Volunteers with the Citizens Committee for Education delivered yard signs Saturday morning in support of the campaign for a tax hike to maintain the current level of school services in Mount Prospect Elementary District 57.
About 25 people delivered 500 signs to residents who had requested them and another 500 signs are on order, said John Krupa, chairman of the committee. About 200 people have volunteered to help with the campaign, which also includes a phone bank, a door-to-door canvass and mailings.
Without a tax increase, the district will have to lay off 30 teachers and classes could have up to 40 students, Krupa said. Art and music programs would be cut.
"That's what's motivating everyone," said Krupa, who has a first-grader at Westbrook School and a 3-year-old daughter.
Voters will decide in a March 20 referendum whether to approve a 31 percent increase in the limiting rate to 3.60 percent from 2.75 percent of equalized assessed value. School officials said the owner of a home with a market value of $100,000 would pay an extra $238 a year, or $153 with a homeowner exemption and $85 if the homeowner also has a senior exemption.
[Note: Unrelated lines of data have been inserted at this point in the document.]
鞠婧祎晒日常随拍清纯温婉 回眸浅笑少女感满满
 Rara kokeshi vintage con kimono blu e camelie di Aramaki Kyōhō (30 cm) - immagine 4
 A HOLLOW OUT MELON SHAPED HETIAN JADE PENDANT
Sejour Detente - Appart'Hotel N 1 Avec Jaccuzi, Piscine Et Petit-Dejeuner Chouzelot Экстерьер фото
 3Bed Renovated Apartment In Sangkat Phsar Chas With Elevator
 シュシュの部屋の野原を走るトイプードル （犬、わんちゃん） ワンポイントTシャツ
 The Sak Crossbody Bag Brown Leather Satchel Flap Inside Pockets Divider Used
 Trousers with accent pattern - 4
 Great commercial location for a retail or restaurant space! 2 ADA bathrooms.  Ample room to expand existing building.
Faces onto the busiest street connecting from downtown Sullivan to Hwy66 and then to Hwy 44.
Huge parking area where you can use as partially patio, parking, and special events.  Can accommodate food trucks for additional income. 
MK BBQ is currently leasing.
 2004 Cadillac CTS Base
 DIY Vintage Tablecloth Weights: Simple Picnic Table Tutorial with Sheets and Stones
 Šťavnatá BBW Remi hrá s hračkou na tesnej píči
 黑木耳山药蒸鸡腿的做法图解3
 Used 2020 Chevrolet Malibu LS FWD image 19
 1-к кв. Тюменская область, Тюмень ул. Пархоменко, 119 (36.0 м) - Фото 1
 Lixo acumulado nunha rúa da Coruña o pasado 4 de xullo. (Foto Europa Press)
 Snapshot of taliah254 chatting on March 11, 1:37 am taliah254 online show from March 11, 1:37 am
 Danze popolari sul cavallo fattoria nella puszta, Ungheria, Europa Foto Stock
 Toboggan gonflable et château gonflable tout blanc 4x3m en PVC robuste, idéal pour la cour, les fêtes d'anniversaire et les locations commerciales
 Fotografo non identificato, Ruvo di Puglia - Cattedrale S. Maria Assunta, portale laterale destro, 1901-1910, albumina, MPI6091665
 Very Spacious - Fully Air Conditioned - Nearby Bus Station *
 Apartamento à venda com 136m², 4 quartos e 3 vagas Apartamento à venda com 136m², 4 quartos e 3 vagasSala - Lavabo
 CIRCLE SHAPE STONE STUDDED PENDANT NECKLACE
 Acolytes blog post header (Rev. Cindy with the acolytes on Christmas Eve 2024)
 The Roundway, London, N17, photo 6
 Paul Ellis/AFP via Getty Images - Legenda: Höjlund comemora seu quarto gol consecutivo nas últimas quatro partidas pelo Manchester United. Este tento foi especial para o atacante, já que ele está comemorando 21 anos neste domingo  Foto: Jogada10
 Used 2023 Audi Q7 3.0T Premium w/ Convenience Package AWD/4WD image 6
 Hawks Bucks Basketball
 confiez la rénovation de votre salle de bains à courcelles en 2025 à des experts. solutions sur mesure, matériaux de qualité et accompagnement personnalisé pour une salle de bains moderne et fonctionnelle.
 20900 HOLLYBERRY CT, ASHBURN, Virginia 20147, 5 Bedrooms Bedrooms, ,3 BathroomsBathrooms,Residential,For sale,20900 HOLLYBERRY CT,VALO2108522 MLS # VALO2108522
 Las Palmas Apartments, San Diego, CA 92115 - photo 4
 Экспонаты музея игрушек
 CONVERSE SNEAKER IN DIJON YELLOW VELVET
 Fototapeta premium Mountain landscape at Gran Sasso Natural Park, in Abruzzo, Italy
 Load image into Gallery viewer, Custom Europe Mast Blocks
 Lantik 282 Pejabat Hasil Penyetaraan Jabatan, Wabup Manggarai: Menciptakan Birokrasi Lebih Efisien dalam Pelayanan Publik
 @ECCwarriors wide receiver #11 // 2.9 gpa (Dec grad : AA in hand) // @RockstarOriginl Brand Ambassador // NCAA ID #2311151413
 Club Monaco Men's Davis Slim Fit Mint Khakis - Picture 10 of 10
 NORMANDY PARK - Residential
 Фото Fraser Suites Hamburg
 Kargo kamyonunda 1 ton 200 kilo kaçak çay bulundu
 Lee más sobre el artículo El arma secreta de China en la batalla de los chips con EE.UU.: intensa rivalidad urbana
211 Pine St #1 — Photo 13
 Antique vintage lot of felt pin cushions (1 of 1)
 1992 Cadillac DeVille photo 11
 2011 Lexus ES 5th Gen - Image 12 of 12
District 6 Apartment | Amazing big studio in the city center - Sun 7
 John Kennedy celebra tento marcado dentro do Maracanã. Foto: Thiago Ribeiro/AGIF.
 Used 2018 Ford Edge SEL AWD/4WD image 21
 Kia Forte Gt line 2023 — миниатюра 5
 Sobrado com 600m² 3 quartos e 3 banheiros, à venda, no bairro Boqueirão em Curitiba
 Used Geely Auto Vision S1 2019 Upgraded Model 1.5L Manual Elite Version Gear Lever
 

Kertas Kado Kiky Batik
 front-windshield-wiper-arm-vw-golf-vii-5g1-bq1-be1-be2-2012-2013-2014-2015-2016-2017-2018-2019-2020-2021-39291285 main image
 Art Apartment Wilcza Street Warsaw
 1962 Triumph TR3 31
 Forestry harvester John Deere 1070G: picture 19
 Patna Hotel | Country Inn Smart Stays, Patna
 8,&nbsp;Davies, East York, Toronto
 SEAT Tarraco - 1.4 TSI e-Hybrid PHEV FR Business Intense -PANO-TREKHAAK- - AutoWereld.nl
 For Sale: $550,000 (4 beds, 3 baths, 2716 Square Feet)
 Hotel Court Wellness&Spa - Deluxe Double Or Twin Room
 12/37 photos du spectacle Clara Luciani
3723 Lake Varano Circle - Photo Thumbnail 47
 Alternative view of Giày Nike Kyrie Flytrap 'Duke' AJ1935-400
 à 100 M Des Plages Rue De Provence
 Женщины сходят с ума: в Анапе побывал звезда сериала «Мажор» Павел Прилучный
Proponents of the increase say the district receives $8,494 in property tax revenue for each student, compared to $15,681 in River Trails District 26. Even with the increase, the district would receive less per child than any of the five adjacent districts, they say.
District officials attribute the financial problems to 20 percent enrollment growth over the last 20 years, state and federal funding cuts, unfunded government mandates and a low commercial tax base compared to neighboring districts'.
It has been almost three decades since District 57 voters approved additional funding for education and facilities, officials said.